Family allergies limit our pet options. There was a basset hound named Biscuit, but he flunked obedience school and we gave him to a family with a farm. That’s not a euphemism. We really gave him to a family with a farm and a soft spot for dumb basset hounds.
We had a rabbit briefly. We tried guinea pigs and hamsters, but the allergist disapproved. I was not going to allow a snake in the house — although I did win Mom points for sheltering Hissy, the third grade snake, for one week one summer.
That left us with goldfish. The 25-cent kind you get from the pet store around the corner, knowing they don’t live long but are sort of pretty while they last.
The first few died fast. Then I got good at taking care of goldfish. Ridiculously good. Our Guppies and Gefiltes (and we usually had two at a time) lived for years and years.
The most recent Guppy — or maybe Gefilte — died a year or so ago. That left me with one fish who is so big now that I can sometimes hear him circling his tank, alone, as I work at his side.

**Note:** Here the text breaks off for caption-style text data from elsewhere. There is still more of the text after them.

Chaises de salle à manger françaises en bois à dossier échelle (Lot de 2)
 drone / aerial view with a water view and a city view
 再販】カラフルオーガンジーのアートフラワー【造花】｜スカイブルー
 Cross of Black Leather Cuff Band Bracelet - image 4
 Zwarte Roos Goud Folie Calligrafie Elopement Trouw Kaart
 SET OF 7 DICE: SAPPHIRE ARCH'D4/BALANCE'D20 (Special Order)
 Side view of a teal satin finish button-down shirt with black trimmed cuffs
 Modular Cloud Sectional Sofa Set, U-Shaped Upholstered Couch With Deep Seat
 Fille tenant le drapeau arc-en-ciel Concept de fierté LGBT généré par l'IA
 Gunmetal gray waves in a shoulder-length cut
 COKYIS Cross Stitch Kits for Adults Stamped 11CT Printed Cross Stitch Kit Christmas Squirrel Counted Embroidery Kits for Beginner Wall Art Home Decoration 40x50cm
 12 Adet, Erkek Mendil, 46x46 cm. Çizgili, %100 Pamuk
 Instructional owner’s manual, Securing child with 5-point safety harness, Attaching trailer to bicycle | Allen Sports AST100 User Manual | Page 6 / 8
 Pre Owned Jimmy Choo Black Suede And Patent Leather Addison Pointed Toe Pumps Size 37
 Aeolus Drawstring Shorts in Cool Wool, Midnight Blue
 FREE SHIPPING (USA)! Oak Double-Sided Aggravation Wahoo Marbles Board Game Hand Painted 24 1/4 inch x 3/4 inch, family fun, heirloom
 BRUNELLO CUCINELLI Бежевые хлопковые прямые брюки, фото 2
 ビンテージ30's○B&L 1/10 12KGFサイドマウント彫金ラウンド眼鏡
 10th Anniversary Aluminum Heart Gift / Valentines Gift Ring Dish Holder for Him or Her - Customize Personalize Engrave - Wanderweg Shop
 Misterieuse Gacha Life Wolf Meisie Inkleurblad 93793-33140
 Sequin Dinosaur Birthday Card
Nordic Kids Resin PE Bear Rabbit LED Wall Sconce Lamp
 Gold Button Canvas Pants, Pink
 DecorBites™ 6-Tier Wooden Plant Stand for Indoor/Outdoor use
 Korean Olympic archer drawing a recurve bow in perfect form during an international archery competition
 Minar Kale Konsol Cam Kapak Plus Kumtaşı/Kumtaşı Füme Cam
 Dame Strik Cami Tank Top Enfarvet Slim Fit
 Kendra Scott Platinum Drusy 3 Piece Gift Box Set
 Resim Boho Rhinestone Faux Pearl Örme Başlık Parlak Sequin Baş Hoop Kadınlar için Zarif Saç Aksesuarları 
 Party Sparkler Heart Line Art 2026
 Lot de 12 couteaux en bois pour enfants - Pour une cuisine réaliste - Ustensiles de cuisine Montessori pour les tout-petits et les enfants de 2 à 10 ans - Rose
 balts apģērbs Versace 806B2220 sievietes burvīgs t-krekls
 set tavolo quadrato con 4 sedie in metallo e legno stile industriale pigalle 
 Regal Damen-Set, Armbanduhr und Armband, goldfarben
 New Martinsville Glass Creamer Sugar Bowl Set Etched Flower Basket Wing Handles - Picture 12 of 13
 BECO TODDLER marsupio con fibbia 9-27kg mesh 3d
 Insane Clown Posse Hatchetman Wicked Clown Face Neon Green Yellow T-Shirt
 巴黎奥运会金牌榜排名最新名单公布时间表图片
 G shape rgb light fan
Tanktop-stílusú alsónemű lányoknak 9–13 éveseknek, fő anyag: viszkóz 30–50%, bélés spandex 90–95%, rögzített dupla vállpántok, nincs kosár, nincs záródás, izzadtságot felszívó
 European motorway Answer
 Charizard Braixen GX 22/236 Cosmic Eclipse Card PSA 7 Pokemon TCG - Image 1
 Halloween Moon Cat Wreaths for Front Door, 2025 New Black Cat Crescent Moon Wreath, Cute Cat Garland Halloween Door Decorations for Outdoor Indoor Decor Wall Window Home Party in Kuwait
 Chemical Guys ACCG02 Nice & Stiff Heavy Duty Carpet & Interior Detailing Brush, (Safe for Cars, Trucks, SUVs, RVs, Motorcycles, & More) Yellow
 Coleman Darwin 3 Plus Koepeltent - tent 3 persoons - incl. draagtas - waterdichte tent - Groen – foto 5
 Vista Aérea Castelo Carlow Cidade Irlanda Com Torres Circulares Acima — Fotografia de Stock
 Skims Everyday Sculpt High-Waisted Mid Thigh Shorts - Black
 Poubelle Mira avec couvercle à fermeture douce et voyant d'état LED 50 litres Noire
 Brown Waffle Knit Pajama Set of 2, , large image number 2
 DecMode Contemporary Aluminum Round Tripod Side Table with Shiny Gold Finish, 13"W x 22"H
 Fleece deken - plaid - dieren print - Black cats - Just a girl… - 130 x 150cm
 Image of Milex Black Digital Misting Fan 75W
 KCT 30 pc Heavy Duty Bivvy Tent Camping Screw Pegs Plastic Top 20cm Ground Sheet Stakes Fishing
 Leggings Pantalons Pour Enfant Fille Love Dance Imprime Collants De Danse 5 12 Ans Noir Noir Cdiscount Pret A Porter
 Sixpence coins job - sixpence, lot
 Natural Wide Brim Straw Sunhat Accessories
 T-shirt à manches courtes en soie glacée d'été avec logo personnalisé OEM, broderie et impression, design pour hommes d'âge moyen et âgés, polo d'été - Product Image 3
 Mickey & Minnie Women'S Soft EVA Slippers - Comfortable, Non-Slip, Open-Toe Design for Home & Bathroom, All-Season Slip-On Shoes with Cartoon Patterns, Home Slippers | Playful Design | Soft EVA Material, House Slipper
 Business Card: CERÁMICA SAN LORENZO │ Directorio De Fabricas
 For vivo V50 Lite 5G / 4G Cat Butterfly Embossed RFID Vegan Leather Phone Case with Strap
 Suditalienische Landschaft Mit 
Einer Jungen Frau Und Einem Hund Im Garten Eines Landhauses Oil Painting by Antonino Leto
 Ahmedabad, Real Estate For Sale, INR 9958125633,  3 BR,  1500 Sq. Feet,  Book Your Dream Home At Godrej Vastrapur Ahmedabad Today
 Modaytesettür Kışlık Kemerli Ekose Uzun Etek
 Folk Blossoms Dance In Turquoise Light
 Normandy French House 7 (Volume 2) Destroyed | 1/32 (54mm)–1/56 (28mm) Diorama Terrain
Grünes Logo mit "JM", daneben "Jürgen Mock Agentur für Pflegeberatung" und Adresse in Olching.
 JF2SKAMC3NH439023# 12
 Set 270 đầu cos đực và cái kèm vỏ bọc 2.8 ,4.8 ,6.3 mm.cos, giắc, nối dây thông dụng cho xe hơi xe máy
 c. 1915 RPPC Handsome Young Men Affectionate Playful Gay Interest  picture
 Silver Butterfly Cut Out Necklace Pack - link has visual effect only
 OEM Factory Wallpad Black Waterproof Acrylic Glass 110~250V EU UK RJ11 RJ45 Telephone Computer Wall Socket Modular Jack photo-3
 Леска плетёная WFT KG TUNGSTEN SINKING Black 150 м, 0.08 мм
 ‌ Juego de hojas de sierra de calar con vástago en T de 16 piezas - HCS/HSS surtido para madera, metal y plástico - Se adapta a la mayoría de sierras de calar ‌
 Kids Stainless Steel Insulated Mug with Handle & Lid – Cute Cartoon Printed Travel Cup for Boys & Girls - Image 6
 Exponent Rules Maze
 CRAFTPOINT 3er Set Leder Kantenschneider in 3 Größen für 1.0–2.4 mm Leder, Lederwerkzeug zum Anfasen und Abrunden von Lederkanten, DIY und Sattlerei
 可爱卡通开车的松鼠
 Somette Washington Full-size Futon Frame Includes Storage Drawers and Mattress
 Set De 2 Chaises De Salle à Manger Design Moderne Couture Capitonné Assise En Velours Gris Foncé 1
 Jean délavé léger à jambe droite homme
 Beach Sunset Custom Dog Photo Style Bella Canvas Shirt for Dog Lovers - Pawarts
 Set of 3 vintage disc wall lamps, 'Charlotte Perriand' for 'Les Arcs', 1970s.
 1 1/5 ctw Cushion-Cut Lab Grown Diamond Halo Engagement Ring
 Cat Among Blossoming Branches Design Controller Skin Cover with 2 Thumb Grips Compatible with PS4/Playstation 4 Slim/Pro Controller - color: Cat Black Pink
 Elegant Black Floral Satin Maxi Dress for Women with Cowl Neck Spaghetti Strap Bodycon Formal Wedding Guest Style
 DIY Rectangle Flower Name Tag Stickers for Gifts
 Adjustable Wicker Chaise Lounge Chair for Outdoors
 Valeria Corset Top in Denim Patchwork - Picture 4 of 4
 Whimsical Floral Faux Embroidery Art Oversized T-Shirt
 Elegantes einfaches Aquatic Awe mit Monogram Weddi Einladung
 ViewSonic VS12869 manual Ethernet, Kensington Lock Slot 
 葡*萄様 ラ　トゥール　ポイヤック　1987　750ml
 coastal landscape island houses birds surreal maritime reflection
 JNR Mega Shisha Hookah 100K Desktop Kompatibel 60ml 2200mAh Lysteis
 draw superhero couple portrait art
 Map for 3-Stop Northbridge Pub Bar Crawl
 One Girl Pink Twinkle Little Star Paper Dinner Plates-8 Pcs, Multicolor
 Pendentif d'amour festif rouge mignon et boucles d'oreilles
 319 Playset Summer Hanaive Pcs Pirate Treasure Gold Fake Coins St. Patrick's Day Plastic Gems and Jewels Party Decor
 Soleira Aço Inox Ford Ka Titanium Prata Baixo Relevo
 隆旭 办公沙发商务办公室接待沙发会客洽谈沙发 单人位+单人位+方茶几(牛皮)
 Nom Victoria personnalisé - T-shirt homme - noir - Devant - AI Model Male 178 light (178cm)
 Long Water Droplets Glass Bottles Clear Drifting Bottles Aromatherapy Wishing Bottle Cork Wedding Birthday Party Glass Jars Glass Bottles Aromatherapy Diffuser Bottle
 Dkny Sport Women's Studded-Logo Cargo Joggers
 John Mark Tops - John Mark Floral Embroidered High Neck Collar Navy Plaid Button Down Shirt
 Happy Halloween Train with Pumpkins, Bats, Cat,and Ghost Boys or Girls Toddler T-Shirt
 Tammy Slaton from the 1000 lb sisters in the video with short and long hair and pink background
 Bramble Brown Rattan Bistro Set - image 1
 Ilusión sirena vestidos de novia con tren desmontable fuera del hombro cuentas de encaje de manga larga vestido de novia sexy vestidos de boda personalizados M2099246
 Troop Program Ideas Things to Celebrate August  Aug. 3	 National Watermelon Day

In this year of isolation, I grew attached to Guppy (or Gefilte). He isn’t pretty anymore. With his bulging old eyes and missing scales, he’s sort of ugly. I find myself wondering what he thinks, if he recognizes the hand that feeds him after all these years, if the commotion when I change his water makes him anxious. The gurgling tank has become soothing pandemic white noise for me, and, I sometimes imagine, for him.
When my husband jokes about getting rid of the goldfish (“Maybe we can drown him”), I glare. And even though now, recognizing his age, I order only three months of filters at a time, I’ll miss the gurgle when Guppy — or Gefilte — is gone. He’s become my faithful, ever present coronavirus companion. Each morning I come downstairs, make coffee — and then anxiously check to make sure he’s still alive.